(Activity) Would you print the lines below exactly, beginning at the line that has "Vero Moda Harper HR M Skater Denim Skirt -Lumi" and stopping after the line that has "#430b Todd Richards"? Only those lines, and no pictures.

::::::::

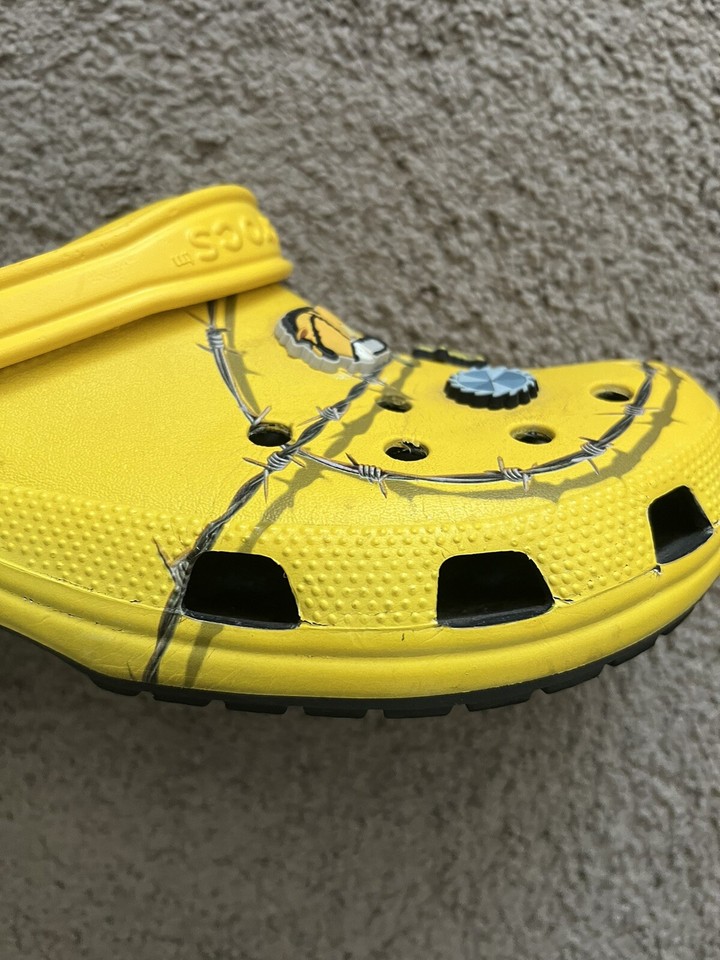Post Malone Barbed Wire Crocs Size 14 Men's Post Co Beerbongs & Bentleys eBay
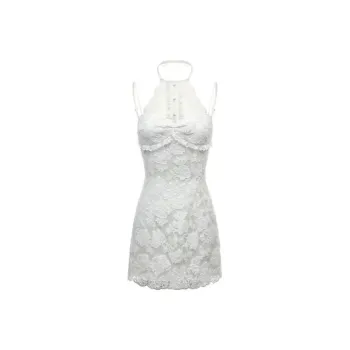 PLAY BUSH Sleeveless Dress Women's White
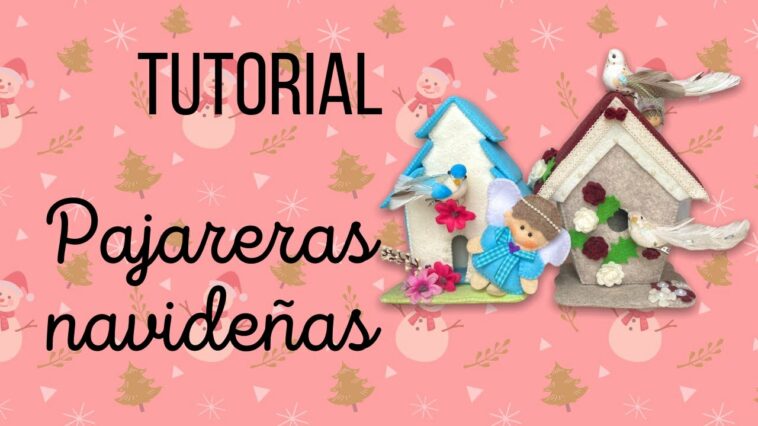 Tutorial Pajareras navideñas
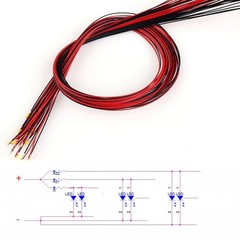 LED 0402/0603/0805/1206/3020/3528 Wired SMD Micro Litz Pre-Soldered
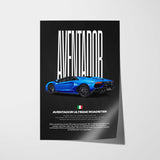 Aventador Ultimae Roadster Car Poster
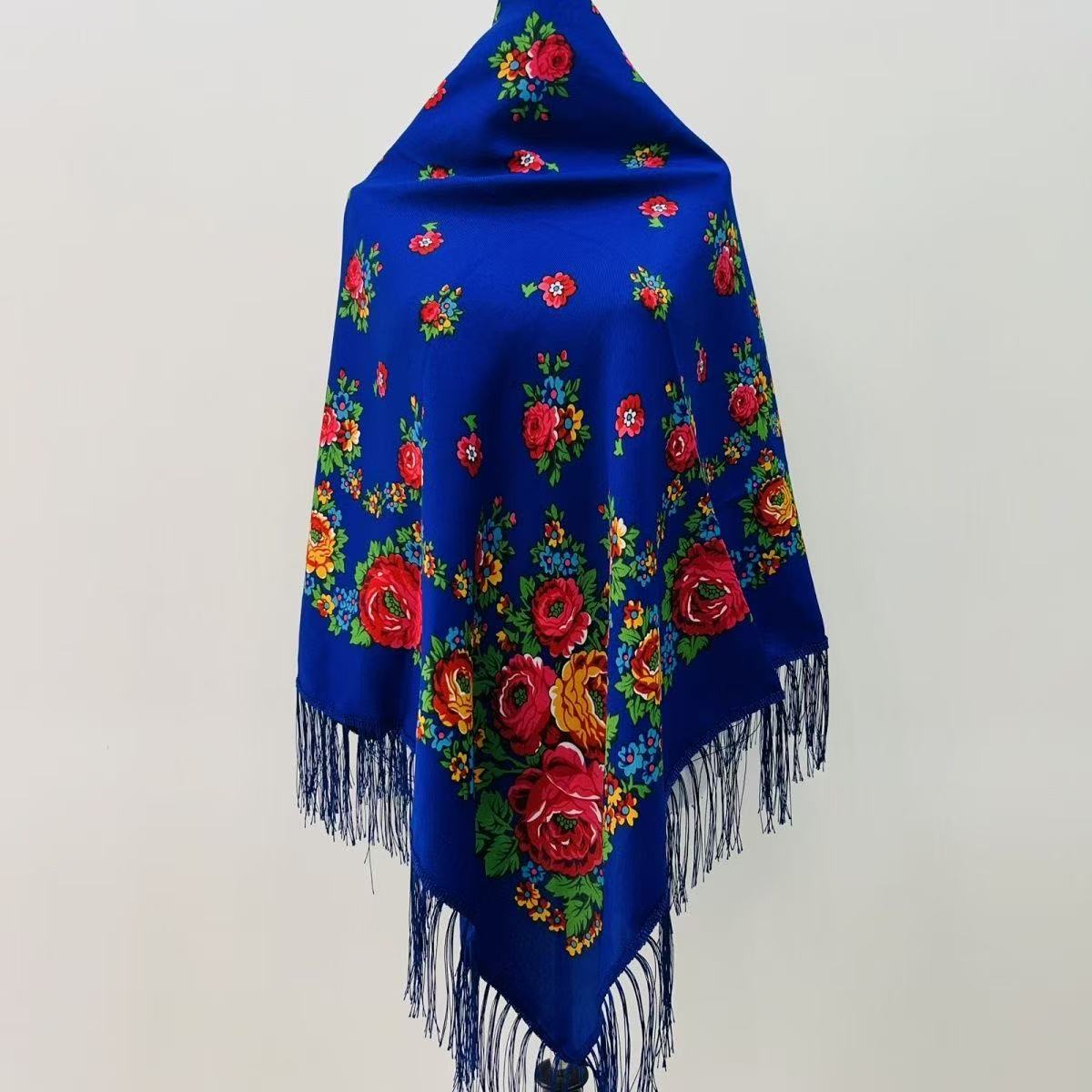 120*120 cm Luxus Floral Russis – Bandana Cotton Bewertung und Preis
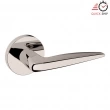 Baldwin<br />5166.055.RDM IN STOCK - 5166 Lever w/ 5046 Rose - Right-Hand Half Dummy, Lifetime Polished Nickel Finish 5166055RDM Quick Ship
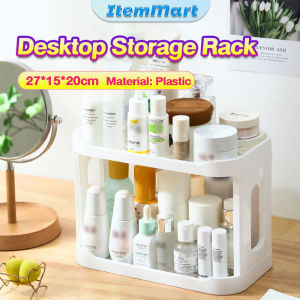 ItemMart 2 Layers Simple Desktop Storage Rack Shelf Table Organizer Cosmetic Jewelry Bathroom Rack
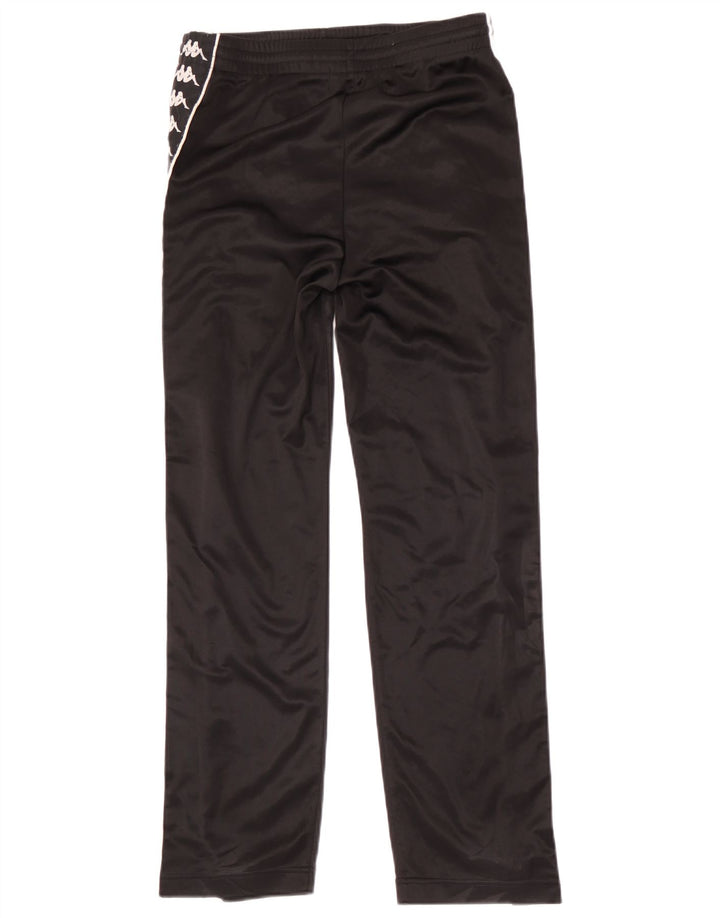 Pantaloni de trening cu grafică pentru bărbați Kappa, poliester negru mic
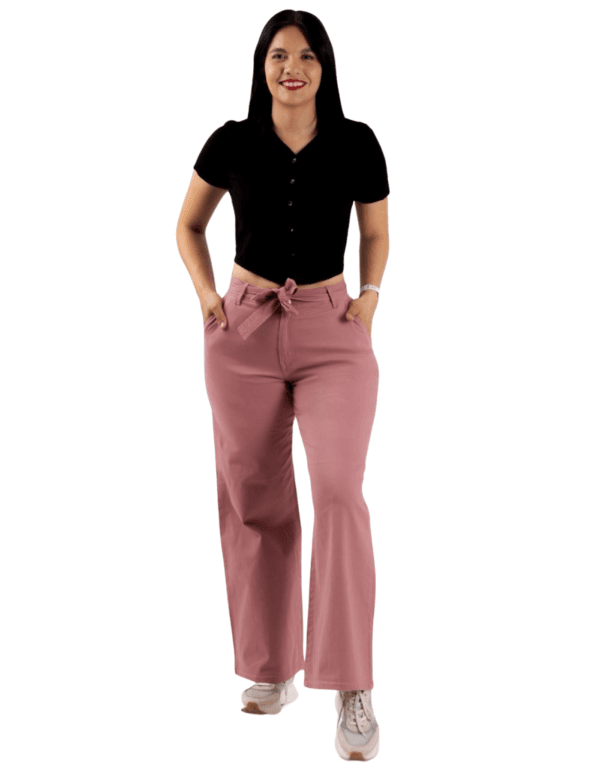 Pantalón Casual de Mujer Corte Recto con Cinturón Ajustable
81027 - Image 2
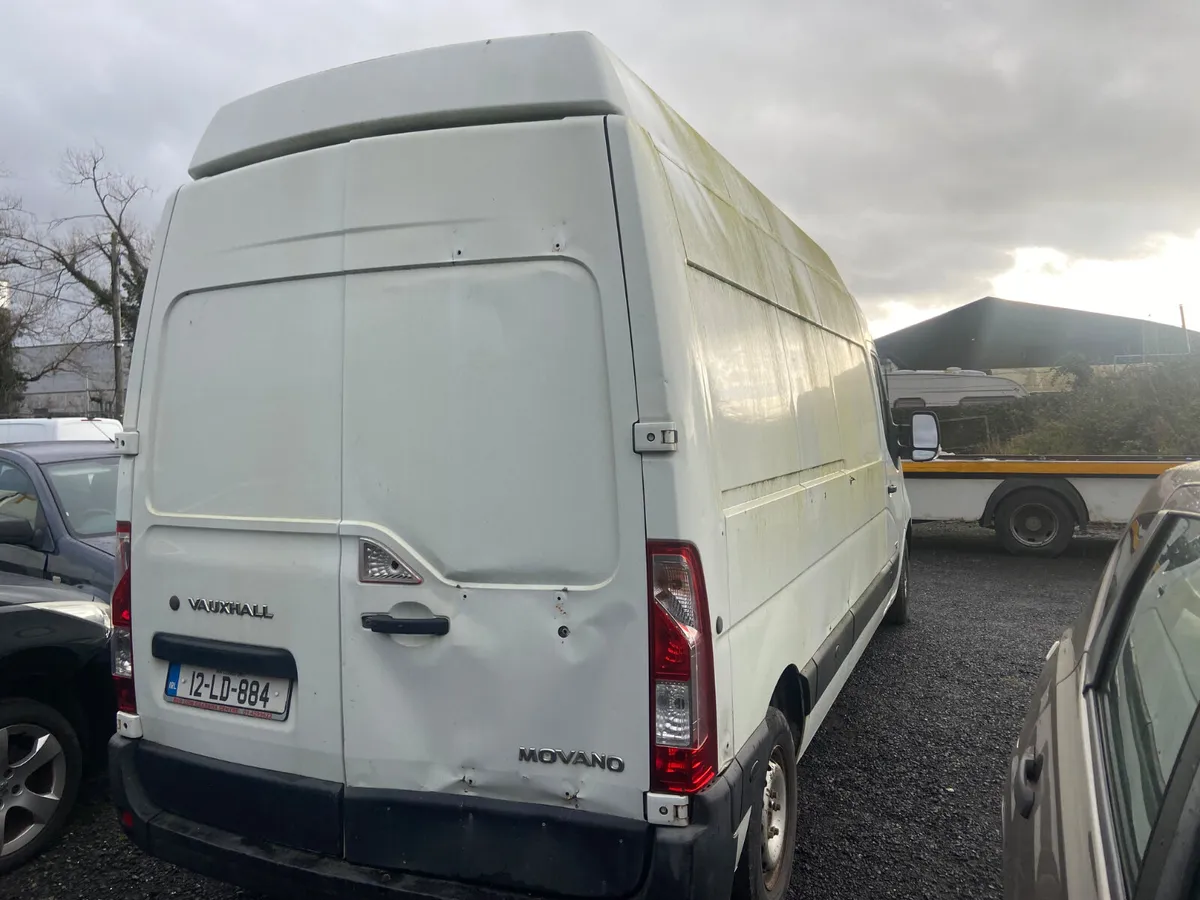 2012 opel Movano hiroof for breaking - Image 3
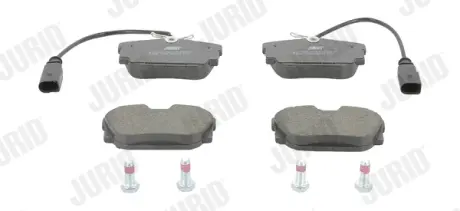 VW гальмівні колодки задн (з датчик.T4 90- Jurid 573049J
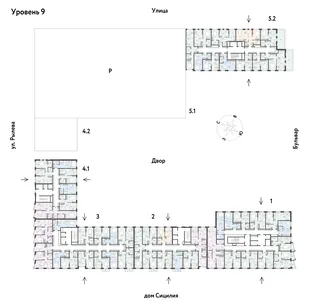 Квартира Студия, 26.79 м² ЖК «Остров-сад» Фото 1 Квартира Студия, 26.79 м² ЖК «Остров-сад» Фото 1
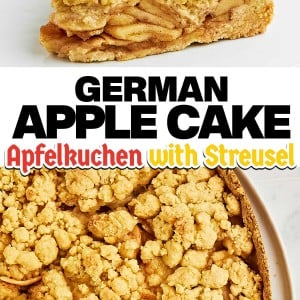 The most delicious German Apple Cake (Apfelkuchen) recipe.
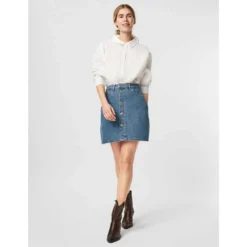 Vero Moda Harper HR M Skater Denim Skirt -Lumi Wear Shop vero moda harper hr m skater denim skirt 4
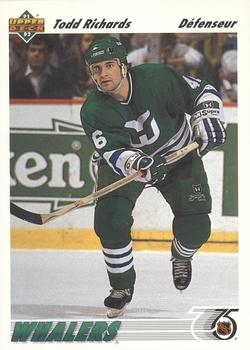 #430b Todd Richards - Hartford Whalers - 1991-92 Upper Deck French Hockey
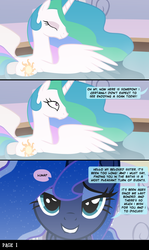 Size: 900x1512 | Tagged: safe, artist:anonymous, princess celestia, princess luna, alicorn, pony, comic:stay with me sister, g4, bath, bedroom eyes, butt, comic, eyes closed, eyeshadow, female, frown, grin, implied incest, implied lesbian, implied princest, implied shipping, incest, lesbian, lip bite, looking at you, plot, ship:princest, shipping, smiling, spa, spread wings, steam, wide eyes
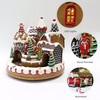 MOMENTS IN TIME 10.63" H Animated Gingerbread Train Station (Moving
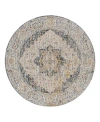 Surya Laila Laa-2312 Round Area Rug, 6'7 X 6'7 In Charcoal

::::::::

(The completed task)
 Vero Moda Harper HR M Skater Denim Skirt -Lumi Wear Shop vero moda harper hr m skater denim skirt 4
 #430b Todd Richards - Hartford Whalers - 1991-92 Upper Deck French Hockey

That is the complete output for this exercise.